Segment Open

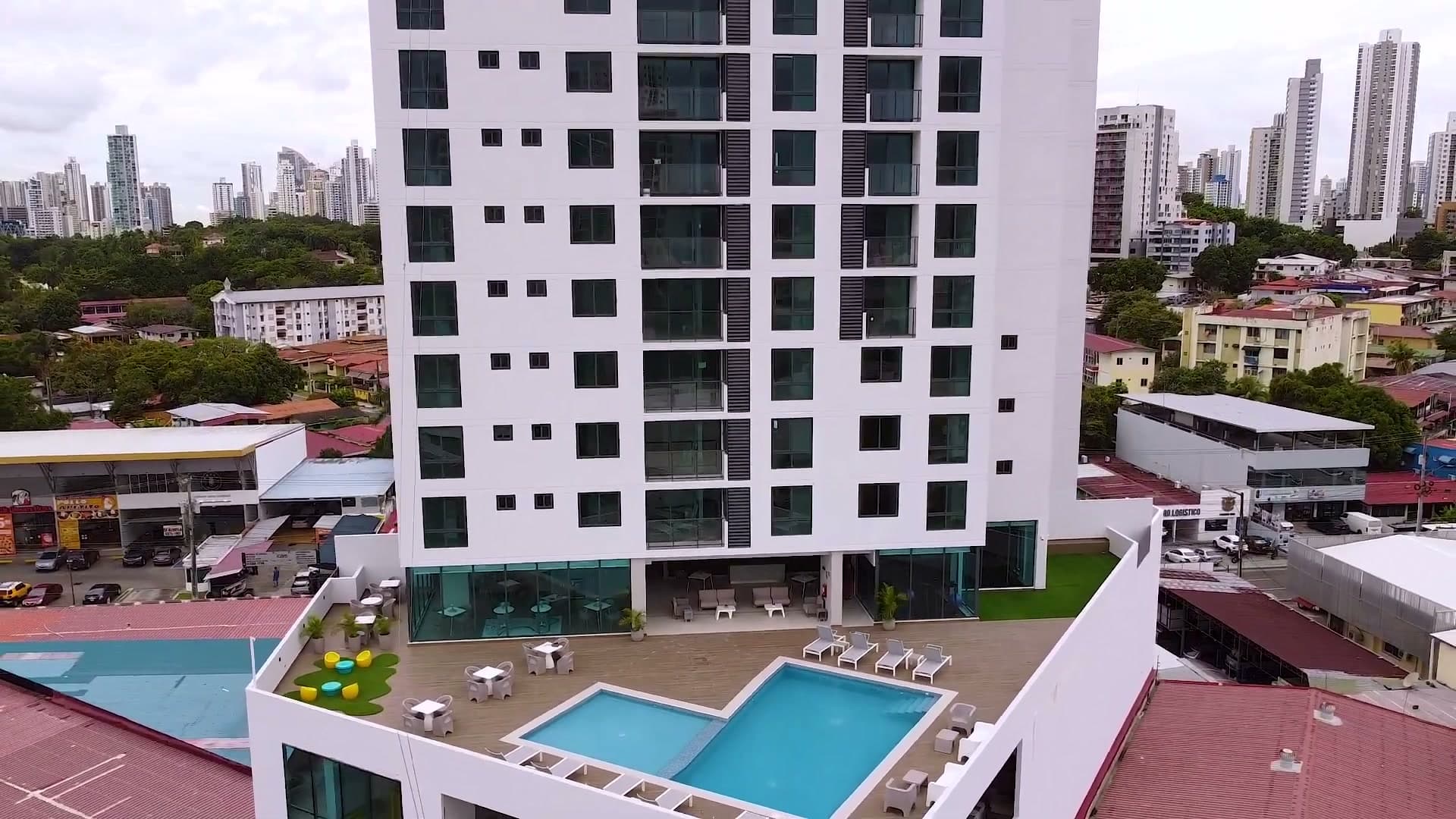 Drone view of the Época Parque Lefevre podium terrace, pool and tower facade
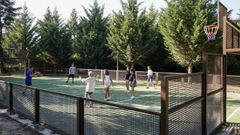 Nios jugando en una pista deportiva del polgono de San Cibrao das Vias.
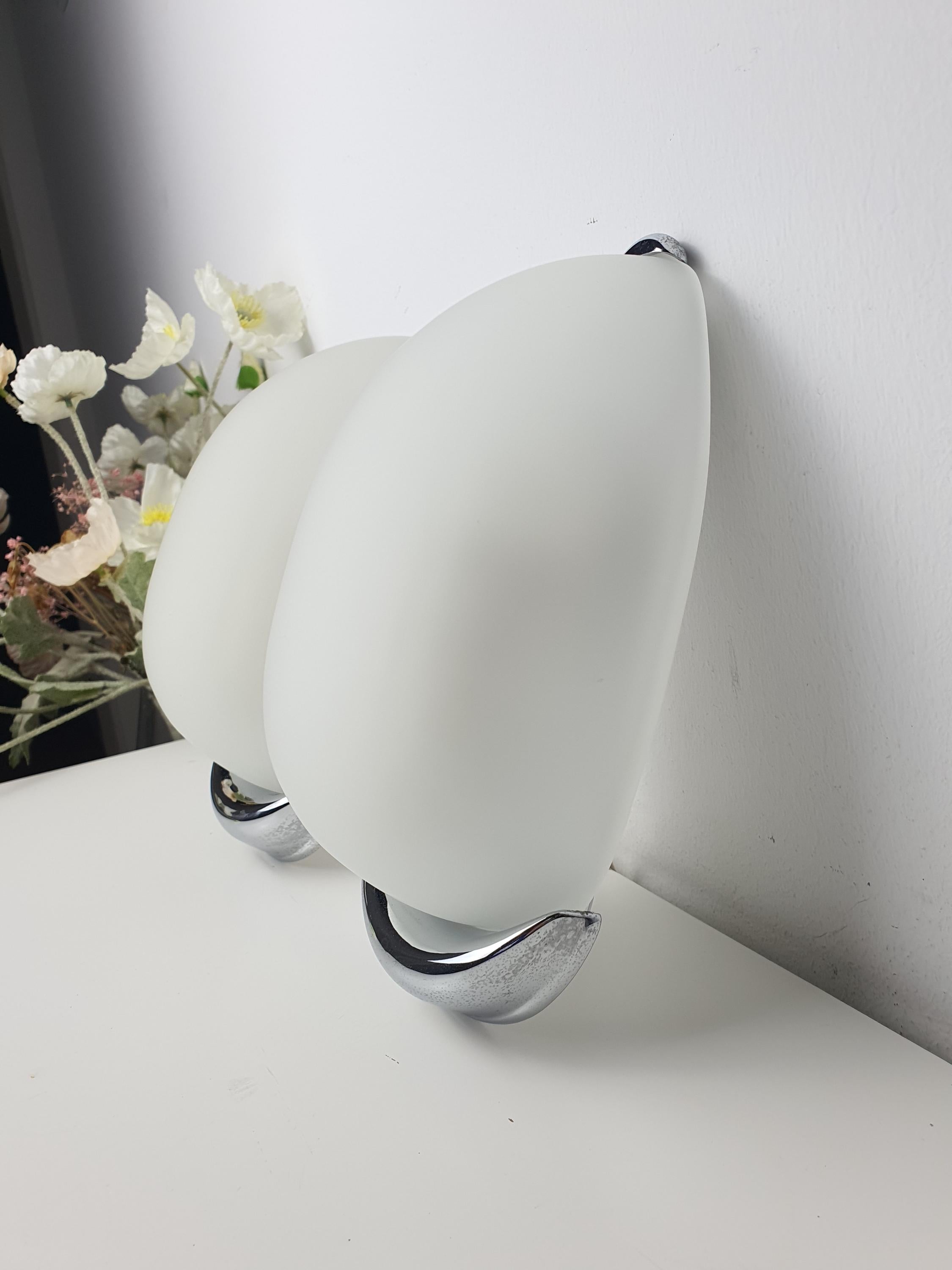 Italian egg-form wall sconce front view, satin frosted glass capsule shade on chrome base, minimalist design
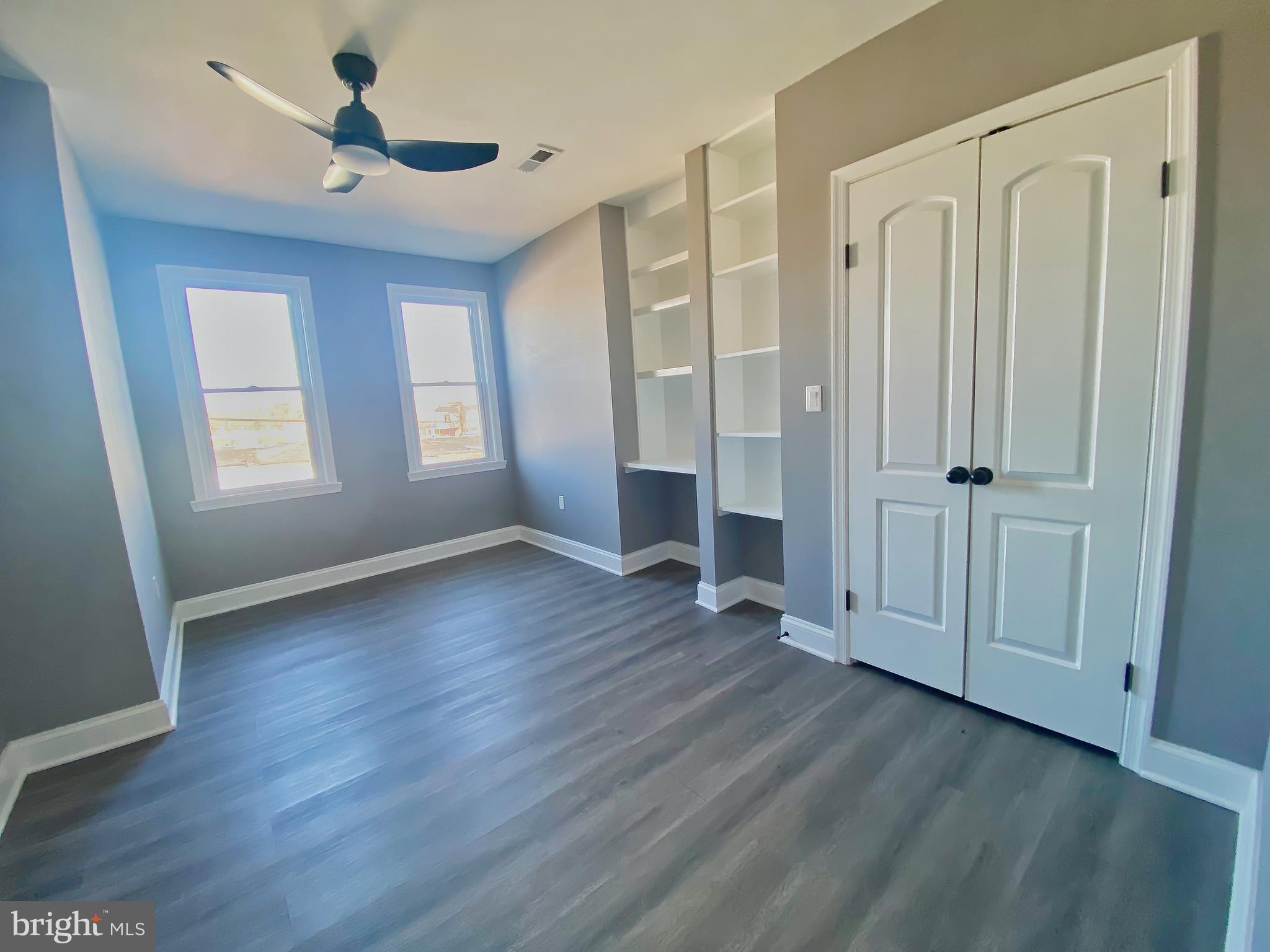 1604 Cliftview Avenue Baltimore, MD 21213 - Photo 21 of 36 an empty room with wooden floor and windows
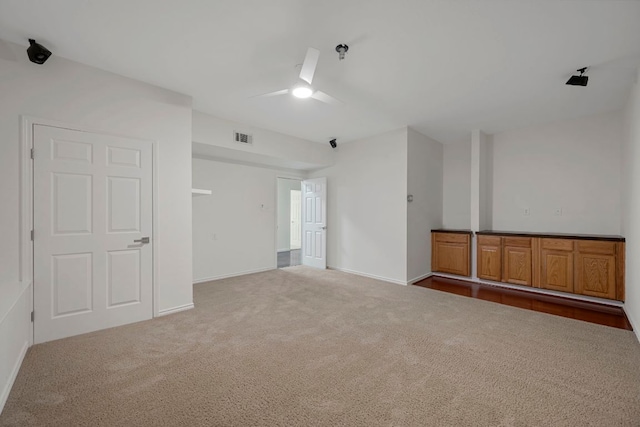 5804 Gentle Breeze Ter, Austin, TX 78731 - empty room with carpet flooring, a pendent fire sprinkler, ceiling fan, and baseboards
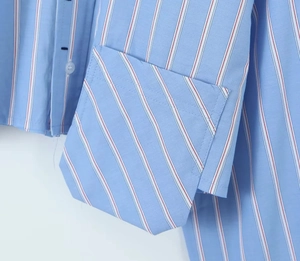 Détail d'une chemise à rayures bleu clair avec poche poitrine à motif diagonal contrasté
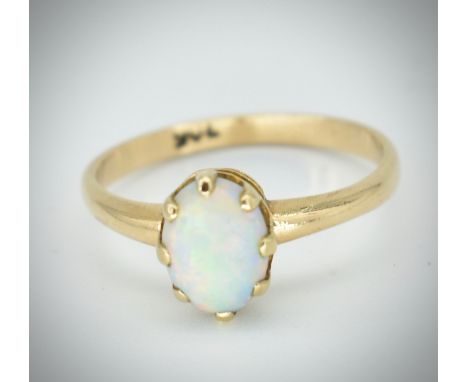 A 9ct gold and opal ring. The ring set with an oval opal cabochon in prong setting to plain shank. Stamped 9ct, tests 9ct gol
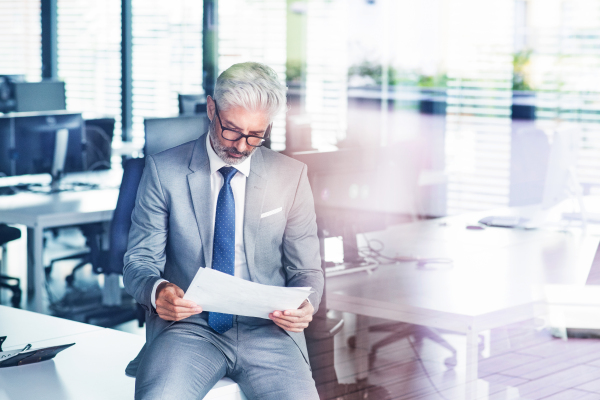 Mature businessman in gray suit sitting at desk in the office, reading documents.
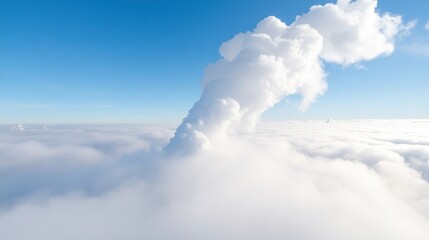 Fototapeta premium A stunning view of a towering cloud formation piercing through the blue sky, creating a dramatic natural spectacle.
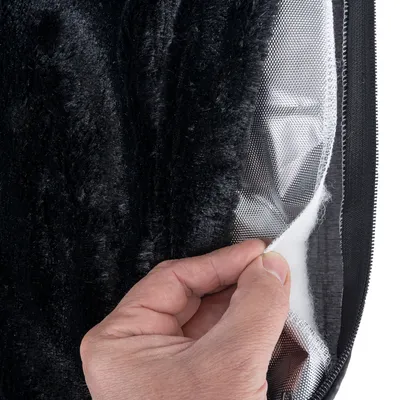 Gros plan sur une main soulevant la housse d’un coussin pour animaux, montrant plusieurs couches de tissu : peluche noire, maille grise et rembourrage blanc.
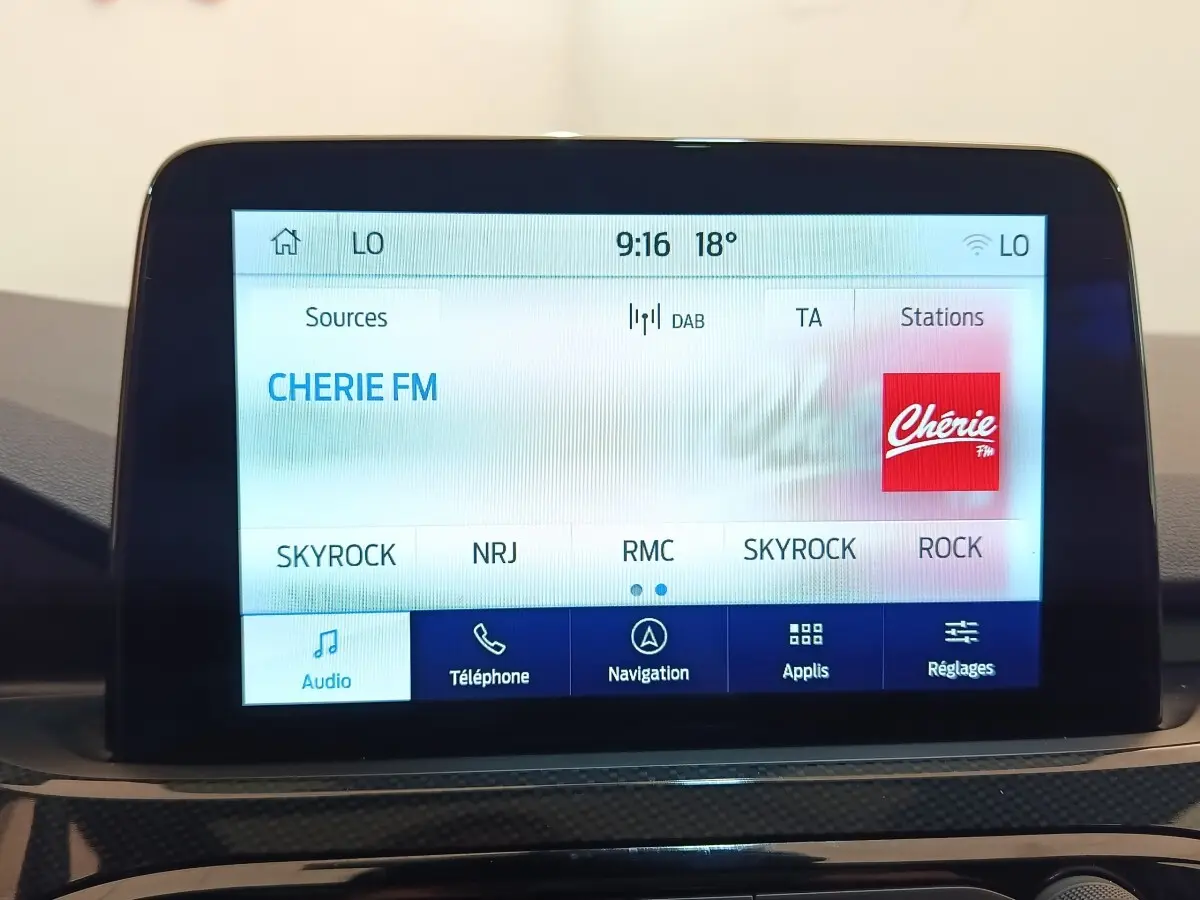 Écran tactile central du Ford Kuga 2023 affichant les stations radio, interface claire en intérieur noir.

Segment Closed

> **YOUR TASK**
Omit every picture, then reproduce the rest of the listing exactly.

> **EXERCISE OUTPUT**
 Drone view of the Época Parque Lefevre podium terrace, pool and tower facade
 Nios jugando en una pista deportiva del polgono de San Cibrao das Vias.
 Italian egg-form wall sconce front view, satin frosted glass capsule shade on chrome base, minimalist design
 1604 Cliftview Avenue Baltimore, MD 21213 - Photo 21 of 36 an empty room with wooden floor and windows
 5804 Gentle Breeze Ter, Austin, TX 78731 - empty room with carpet flooring, a pendent fire sprinkler, ceiling fan, and baseboards
 Détail d'une chemise à rayures bleu clair avec poche poitrine à motif diagonal contrasté
 A 9ct gold and opal ring. The ring set with an oval opal cabochon in prong setting to plain shank. Stamped 9ct, tests 9ct gol
 Mature businessman in gray suit sitting at desk in the office, reading documents.
 Fototapeta premium A stunning view of a towering cloud formation piercing through the blue sky, creating a dramatic natural spectacle.
 Gros plan sur une main soulevant la housse d’un coussin pour animaux, montrant plusieurs couches de tissu : peluche noire, maille grise et rembourrage blanc.
 Écran tactile central du Ford Kuga 2023 affichant les stations radio, interface claire en intérieur noir.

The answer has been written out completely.